Mr Eledi said while it was envisaged that much of what was processed in the country would earn the much needed foreign exchange, "it will be better if Ghanaians are consuming more than half of the cocoa we process".

He expressed delight at the intention of the organisers to place emphasis on the serving of local foods, particularly local rice, at the event on Republic Day.

Mr Eledi appealed to distributors and market women to refrain from the practice of buying local rice, particularly the superior varieties and re-bagging them in sacks which had been labelled “Chicago Rice”, “American Long Grain', and “Thailand Perfumed Rice”.

“It breaks my heart that we can indulge in these unholy practices ourselves.

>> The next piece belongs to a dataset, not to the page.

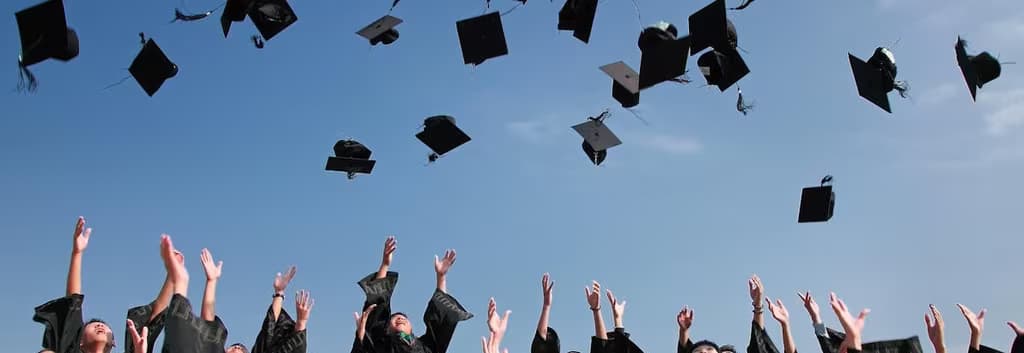 Newly Graduated People Wearing Black Academy Gowns Throwing Hats Up in the Air - cropped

It is a legacy of the inferiority syndrome inflicted on the psyche of our people as a result of the Trans-Atlantic Slave Trade and worsened by colonialism”.

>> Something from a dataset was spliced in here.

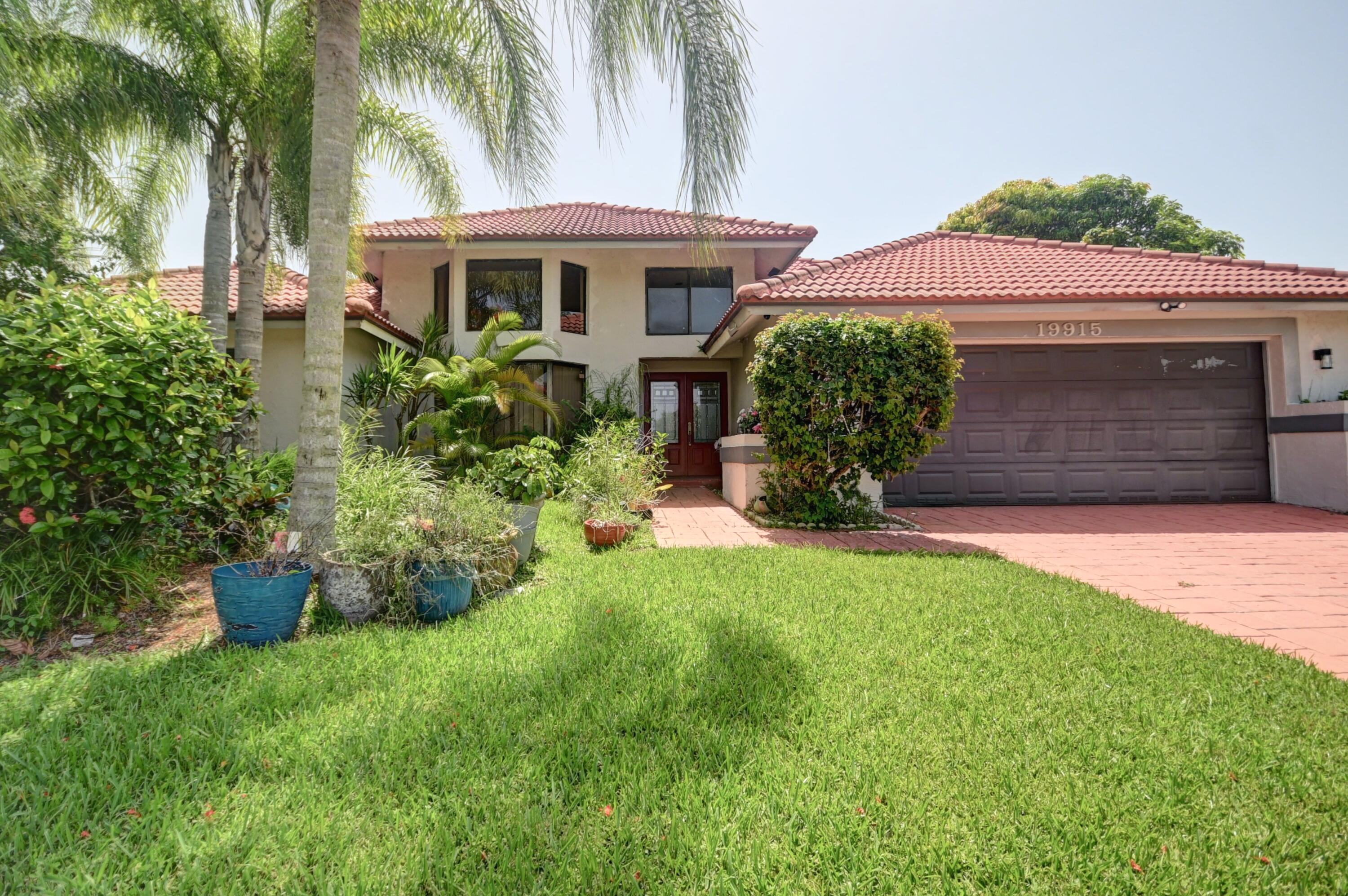 19915 Back 9 Drive Boca Raton, FL 33498 - Photo 1 of 11 front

He called for the need to stop depending on foreign goods to the detriment of the local ones, adding that the “only way we would avoid depending on foreign aid for budgetary support is when we import less, or when we patronise local products”, he stressed.

The Acting Executive Director of the Ghana Tourist Board, Mr Martin Mireku, expressed concern about how in spite of the fact that West Africa dominated the production of cocoa world-wide, it had not led in any crucial decision as regards the product, particularly its pricing.